I guess i would say that it does come up, you will run into it, so why not learn it now? I wouldn't want it to totally flummox you and put you off programming for good, but it's certainly not the hardest concept I've run into, so it may be worth working through it now.

The real difficulty is that to know what's going on you need to have an understanding of binary numbers. I'll avoid floating point for now, as it's unnecessary and i rarely see bitwise operators used against floats or doubles.

The integer types in C/objective-C are stored in 2's complement. Reading up on this may come in handy, later, too:

http://en.wikipedia.org/wiki/Two's_complement

Most basically, binary is a number system like base 10/decimal that you are used to dealing with. Instead of 10 possible values for each place/-it (digit in decimal), there are only 2. Each place is called a bit (bi- for two, dig- for ten). Instead of a 1s place, 10s place, 100s place like in decimal, there is a 1s place, a 2s place, a 4s place, an 8s place, etc. Since there are only two possible values for each bit, each place is either "on" (1) or "off" (0). For a positive number, it's pretty easy to just look at a value and convert it to base 10. For example:

0101

8's place is 0. +0

4's place is 1. +4

2's place is 0. +0

1's place is 1. +1

Decimal: 5

There's no 4-bit datatype in C, but i'll stick to that width for simplicities sake. The bitwise or, |, checks the bits at each place and if either is 1, the result is 1. It's table looks like this:

Code:

_|[U] 0 [/U]|[U] 1 [/U]|
[U]0| 0 | 1 |[/U]
1| 1 | 1 |

To read the table, just pick one of your bits on the top of the table, and one from the left side, and look in the square they meet. This will be the result for that bit. So:

0010 | 1010 = 1010

1000 | 1011 = 1011

0101 | 1010 = 1111

Each bit is computed separately (hence the term bit-wise).

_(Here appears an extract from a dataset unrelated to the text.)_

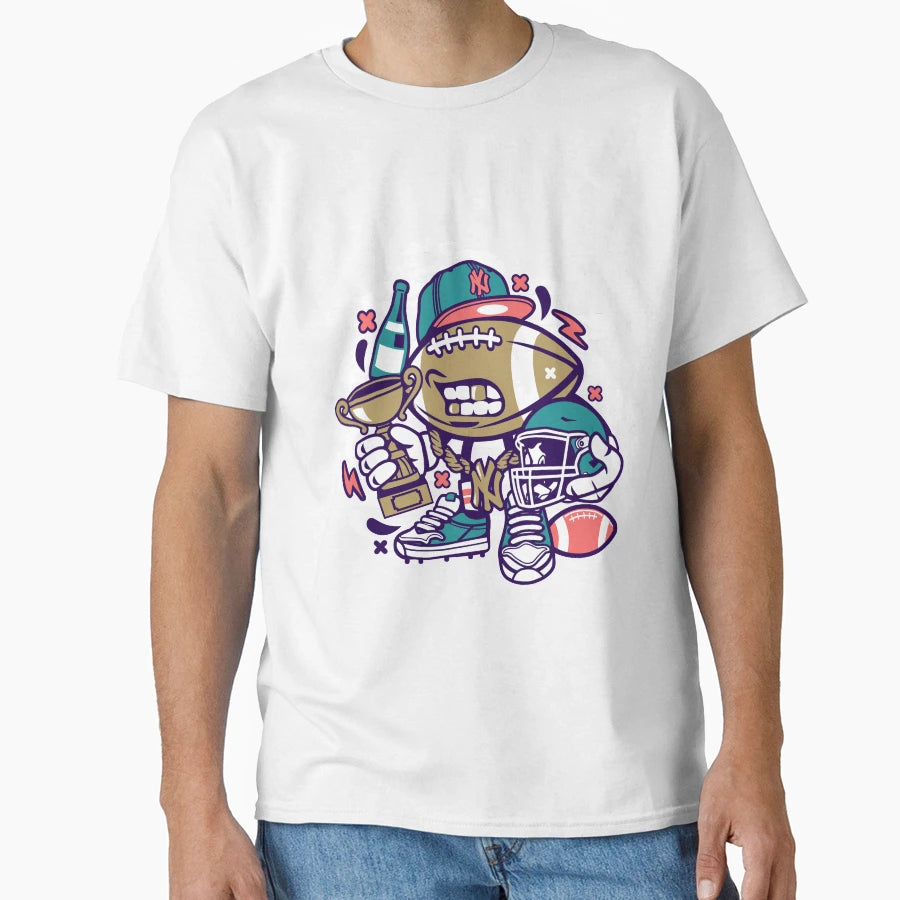 Football Champion T-Shirt - Casual Everyday Wear Unisex - T-Shirt, Sweatshirt, Hoodie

Here is the table for and, &:

Code:

_|[U] 0 [/U]|[U] 1 [/U]|
[U]0| 0 | 0 |[/U]
1| 0 | 1 |

0010 & 1010 = 0010

1000 & 1011 = 1000

0101 & 1010 = 0000

And here is the table for exclusive or, ^,which means exactly one of the bits being compared is 1. This is, in my opinion, the best operator.

Code:

_|[U] 0 [/U]|[U] 1 [/U]|
[U]0| 0 | 1 |[/U]
1| 1 | 0 |

0010 ^ 1010 = 1000

1000 ^ 1011 = 0011

0101 ^ 1010 = 1111

Generally these operations are used to store "a lot" of options in a small space. For example, in a short int you have 16 bits available, so you can represent 16 different options being "on" or "off". In an int you have 32 such options. Normally there will be things #define'd, etc. that are set to a constant with one such bit set for each option, and perhaps another set to turn an option off, with all bits but that set. I'll keep using binary and psuedocode:

Code:

#define optAon 0001
#define optBon 0010
#define optCon 0100
#define optDon 1000
#define optAoff 1110
#define optBoff 1101
#define optCoff 1011
#define optDoff 0111
//...
x=x|optAon; //x is now the same as before, but the bit defined for option A is set, whether or not it was before
//..
x=x&optBoff; //x is now the same, but with option B's bit off, whether or not it was before
//..
x=optAon|optBon; //x now has option A and option B set, and C and D off, regardless of its previous value

Code like this is often used to modify options for a function, etc. when there are a small set of "on/off" options. Some have been mentioned above.

There are certainly more exotic things that can be done with these operators and the bitshift operators << and >>, but hopefully this helps a bit with where you are now.

-Lee